# WIndows Vista problems



## whiteskunk (Aug 3, 2009)

I've been having problems associated with an MS program/part of Vista
"Interactive roaming. . ." if anyone knows what that is, is there a way to disable it? It's becoming more than a nusense. Moments ago, it wiped my password and settings clean.


----------



## Lucy Bones (Aug 3, 2009)

This should be in the Bit/Byte forum.


----------



## Blue2k (Aug 3, 2009)

First of all, Mac sucks. 

Now that we got that out of the way, let's talk Vista and how much of a horrible running system it is.

Ahem. 

1. Vista is not compatible with a lot of programs.
2. Mac sucks.
3. Ipod sucks.
4. Vista contains a lot of web add-ons that slow your system down.
5. Mac sucks.
6. Vista contains a lot of running processes that are unnecessary.
7. You're probably slowing your computer by having iTunes constantly using up all of your memory.
8. If you have an Ipod, throw it out.
9. Get a real Operating System (OS) like Linux. 
10. Linux doesn't have many problems/ a lot of trojans adapted to it.
11. You can only use Linux if you're not a complete retard and NEED a desktop.
12. Linux has a few complaints about compatibly.
13. If you download WINE for Linux. Every program you want becomes compatible.
14. Screw Ipod and IPhone.
15. Linux is a fast running OS.


----------



## whiteskunk (Aug 3, 2009)

Ahkmill said:


> This should be in the Bit/Byte forum.



My bad. Am so irritated by this that I forgot which forum I was at. This obviously isn't MTS3 forum.


----------



## Runefox (Aug 3, 2009)

Blue2k said:
			
		

> Words


Dude.  That has nothing to do with anything, and furthermore, that's opinion.

Anyway, "interactive roaming" in this case I believe refers to your roaming profile - In other words, where Windows keeps all your settings. It's a part of Windows and without it, you wouldn't be able to really have any permanent settings. It's not possible to disable it, because, well, it _pretty much *is*_ your settings/passwords/etc.

It sounds like something might have caused some corruption somewhere along the line. Pop open a command prompt, and into it, type _chkdsk /F /R C:_ and hit enter - It'll say that the volume is locked and offer to scan on the next reboot; Say yes. Restart your computer and let it work its magic - Once it's done, it'll give you a short printout before continuing on to boot Windows. Pay careful attention to that; See if it says anything about bad sectors, and make a note of it. Anything over 0KB of bad sectors is a Bad Thing(TM), and normally means you'll be needing a new hard drive soon.

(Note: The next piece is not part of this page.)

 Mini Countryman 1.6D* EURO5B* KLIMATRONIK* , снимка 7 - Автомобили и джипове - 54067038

In addition, try burning a copy of Memtest86+ to a CD/DVD and boot from it. That should give you a good indication as to whether or not it might also be a RAM (memory) problem. If after a full "pass" or two you get errors, you'll need to replace your RAM (though be warned, while it picks up on the most glaring errors, you'd need to run it basically overnight (stress-test) to be absolutely, positively sure that there's nothing wrong with it).

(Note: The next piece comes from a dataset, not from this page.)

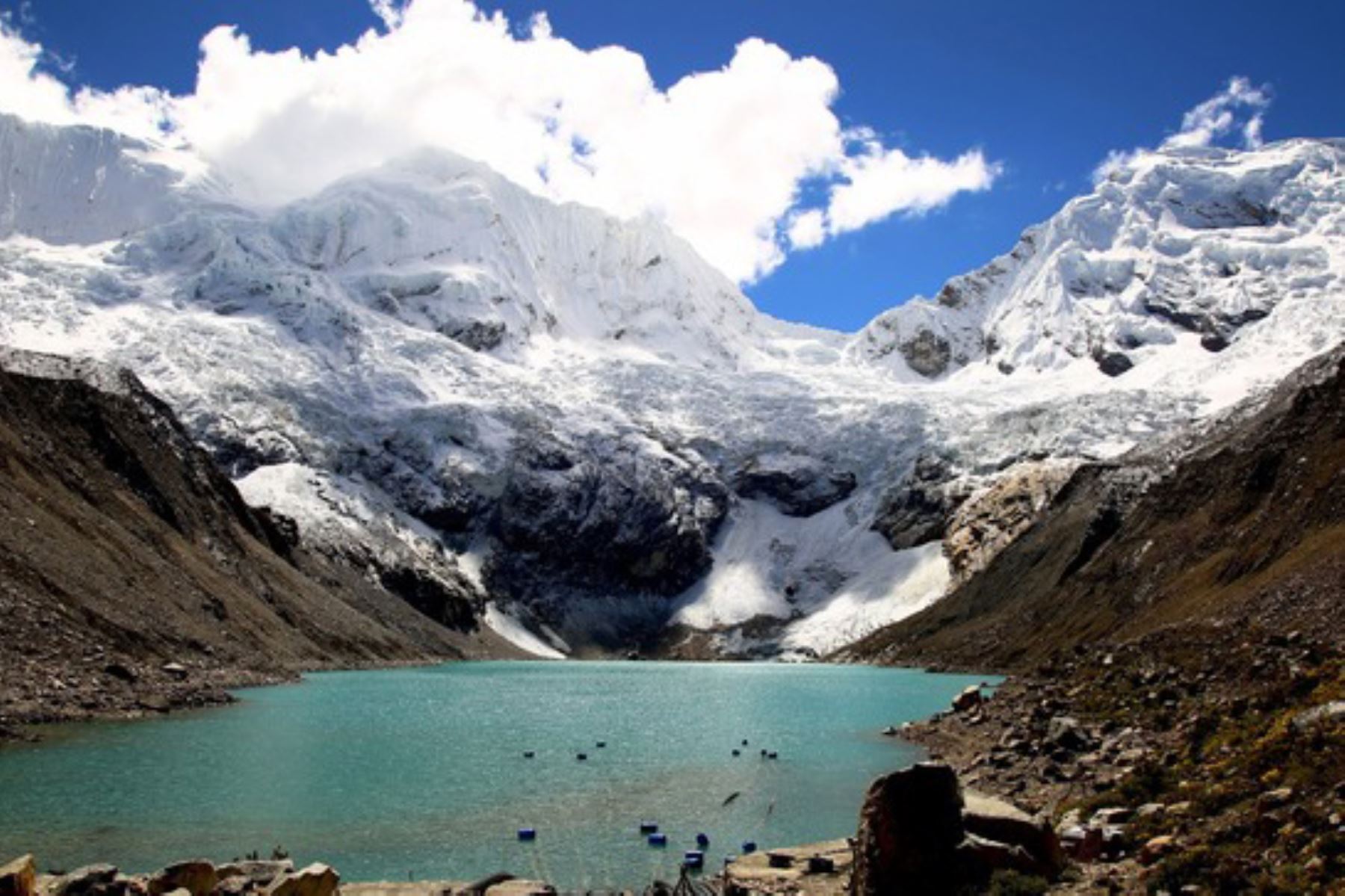 Las avalanchas son muy frecuentes en la laguna Palcacocha (Áncash) y se incrementarán por acción del cambio climático. Foto: ANDINA/Difusión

Once all that's done, you should make sure there isn't any corruption in the Windows system files themselves; pop open a Command Prompt, and type _sfc /scannow_ and hit enter; You might need your Vista disc if it finds corrupt files.


----------



## Internet Police Chief (Aug 3, 2009)

Blue2k said:


> hurf durf de derp



Okay, what the hell does that have to do with anything? He didn't say anything about Macs and didn't ask for an opinion on Vista, just how to fix it.


----------



## Runefox (Aug 3, 2009)

Baron Von Yiffington said:


> Okay, what the hell does that have to do with anything? He didn't say anything about Macs and didn't ask for an opinion on Vista, just how to fix it.



Yeah, and on that note, this issue can and will happen on Windows 2k and XP, too, so there's really no reason to drag "VISTA SUCKS" into it at all.


----------



## Blue2k (Aug 3, 2009)

Baron Von Yiffington said:


> Okay, what the hell does that have to do with anything? He didn't say anything about Macs and didn't ask for an opinion on Vista, just how to fix it.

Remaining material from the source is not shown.